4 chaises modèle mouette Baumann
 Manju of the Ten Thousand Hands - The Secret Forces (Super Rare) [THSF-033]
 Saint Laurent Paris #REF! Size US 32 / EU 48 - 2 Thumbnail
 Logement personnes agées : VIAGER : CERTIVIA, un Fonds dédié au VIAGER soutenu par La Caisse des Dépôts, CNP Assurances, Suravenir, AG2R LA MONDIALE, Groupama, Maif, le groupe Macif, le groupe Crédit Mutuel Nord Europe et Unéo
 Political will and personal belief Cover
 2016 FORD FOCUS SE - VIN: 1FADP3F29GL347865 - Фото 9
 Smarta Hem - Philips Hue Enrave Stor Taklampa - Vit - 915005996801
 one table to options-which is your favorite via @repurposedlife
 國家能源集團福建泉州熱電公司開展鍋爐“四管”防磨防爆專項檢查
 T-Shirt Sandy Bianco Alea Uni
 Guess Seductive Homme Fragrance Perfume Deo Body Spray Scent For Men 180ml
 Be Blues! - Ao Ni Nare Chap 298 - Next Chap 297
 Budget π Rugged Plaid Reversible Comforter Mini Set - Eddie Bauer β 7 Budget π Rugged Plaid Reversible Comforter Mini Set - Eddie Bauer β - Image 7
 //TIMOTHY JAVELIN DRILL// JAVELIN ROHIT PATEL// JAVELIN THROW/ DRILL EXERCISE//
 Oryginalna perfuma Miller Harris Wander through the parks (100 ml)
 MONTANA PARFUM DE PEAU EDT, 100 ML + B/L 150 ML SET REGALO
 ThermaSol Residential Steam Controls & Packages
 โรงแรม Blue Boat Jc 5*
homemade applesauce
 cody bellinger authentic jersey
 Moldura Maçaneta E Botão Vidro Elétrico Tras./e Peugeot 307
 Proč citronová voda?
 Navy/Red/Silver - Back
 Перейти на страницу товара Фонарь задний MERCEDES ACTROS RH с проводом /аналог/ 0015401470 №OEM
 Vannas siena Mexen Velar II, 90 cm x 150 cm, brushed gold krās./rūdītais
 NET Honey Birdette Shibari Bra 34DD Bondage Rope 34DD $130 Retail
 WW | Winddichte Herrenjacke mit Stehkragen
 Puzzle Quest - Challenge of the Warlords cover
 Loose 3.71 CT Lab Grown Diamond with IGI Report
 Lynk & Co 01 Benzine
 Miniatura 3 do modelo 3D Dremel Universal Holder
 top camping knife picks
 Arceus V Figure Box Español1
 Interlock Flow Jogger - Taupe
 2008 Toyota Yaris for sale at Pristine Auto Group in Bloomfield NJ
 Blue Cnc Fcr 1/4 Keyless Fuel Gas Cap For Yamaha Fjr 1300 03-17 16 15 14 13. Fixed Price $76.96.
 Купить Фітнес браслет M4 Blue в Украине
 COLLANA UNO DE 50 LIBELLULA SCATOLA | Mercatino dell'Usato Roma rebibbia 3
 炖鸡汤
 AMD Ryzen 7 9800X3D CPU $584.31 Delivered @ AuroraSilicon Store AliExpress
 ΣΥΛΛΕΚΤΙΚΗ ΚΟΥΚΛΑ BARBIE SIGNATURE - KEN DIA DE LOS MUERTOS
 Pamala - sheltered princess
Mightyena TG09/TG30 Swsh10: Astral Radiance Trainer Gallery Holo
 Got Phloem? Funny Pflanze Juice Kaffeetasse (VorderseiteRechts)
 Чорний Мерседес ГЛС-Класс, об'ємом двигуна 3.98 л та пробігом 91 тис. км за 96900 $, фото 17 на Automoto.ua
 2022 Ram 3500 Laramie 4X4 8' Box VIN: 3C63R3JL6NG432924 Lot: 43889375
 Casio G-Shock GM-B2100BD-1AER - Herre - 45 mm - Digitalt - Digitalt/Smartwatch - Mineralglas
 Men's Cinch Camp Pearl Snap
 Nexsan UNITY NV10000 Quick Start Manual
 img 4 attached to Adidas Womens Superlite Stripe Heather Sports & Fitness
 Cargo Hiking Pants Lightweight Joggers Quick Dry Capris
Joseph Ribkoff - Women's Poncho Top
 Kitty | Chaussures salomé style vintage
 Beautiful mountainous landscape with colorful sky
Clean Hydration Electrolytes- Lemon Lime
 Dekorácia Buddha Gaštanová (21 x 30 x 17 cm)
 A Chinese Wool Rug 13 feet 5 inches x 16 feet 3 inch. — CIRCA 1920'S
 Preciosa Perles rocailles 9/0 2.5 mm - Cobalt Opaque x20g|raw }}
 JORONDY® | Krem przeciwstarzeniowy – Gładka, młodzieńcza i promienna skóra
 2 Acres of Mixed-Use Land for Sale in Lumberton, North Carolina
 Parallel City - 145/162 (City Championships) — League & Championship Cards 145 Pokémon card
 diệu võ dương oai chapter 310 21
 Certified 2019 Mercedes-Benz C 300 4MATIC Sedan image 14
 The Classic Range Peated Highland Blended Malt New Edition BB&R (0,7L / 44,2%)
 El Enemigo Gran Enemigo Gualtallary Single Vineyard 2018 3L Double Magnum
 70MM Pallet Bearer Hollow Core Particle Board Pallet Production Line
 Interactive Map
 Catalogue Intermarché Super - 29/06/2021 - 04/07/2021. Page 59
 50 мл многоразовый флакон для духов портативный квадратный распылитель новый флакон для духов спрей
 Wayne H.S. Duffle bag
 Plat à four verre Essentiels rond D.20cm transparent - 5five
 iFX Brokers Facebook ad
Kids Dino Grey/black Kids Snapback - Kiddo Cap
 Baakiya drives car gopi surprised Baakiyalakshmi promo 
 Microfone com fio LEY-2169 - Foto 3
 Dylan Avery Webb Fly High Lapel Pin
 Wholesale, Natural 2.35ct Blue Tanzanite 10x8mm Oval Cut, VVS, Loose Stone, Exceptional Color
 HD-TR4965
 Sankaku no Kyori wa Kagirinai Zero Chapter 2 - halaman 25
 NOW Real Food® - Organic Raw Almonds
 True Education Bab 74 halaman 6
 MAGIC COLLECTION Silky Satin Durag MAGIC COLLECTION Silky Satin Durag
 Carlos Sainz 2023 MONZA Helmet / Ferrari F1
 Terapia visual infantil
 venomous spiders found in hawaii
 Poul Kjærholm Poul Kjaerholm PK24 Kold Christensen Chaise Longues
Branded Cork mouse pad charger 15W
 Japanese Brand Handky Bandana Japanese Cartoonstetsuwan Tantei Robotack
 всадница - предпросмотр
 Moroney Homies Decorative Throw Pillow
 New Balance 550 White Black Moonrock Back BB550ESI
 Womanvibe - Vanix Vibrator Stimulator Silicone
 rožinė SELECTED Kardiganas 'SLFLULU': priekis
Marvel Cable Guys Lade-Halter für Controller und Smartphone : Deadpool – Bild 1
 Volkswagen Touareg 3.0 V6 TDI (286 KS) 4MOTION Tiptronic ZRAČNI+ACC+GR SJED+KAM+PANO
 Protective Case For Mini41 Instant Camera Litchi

- **Work instructions**: Nothing but the lines above from the one containing "Joseph Ribkoff - Women's Poncho Top" through the one containing "A Chinese Wool" should appear in the answer, each repeated exactly.

- **Answer below**:
Joseph Ribkoff - Women's Poncho Top
 Kitty | Chaussures salomé style vintage
 Beautiful mountainous landscape with colorful sky
Clean Hydration Electrolytes- Lemon Lime
 Dekorácia Buddha Gaštanová (21 x 30 x 17 cm)
 A Chinese Wool Rug 13 feet 5 inches x 16 feet 3 inch. — CIRCA 1920'S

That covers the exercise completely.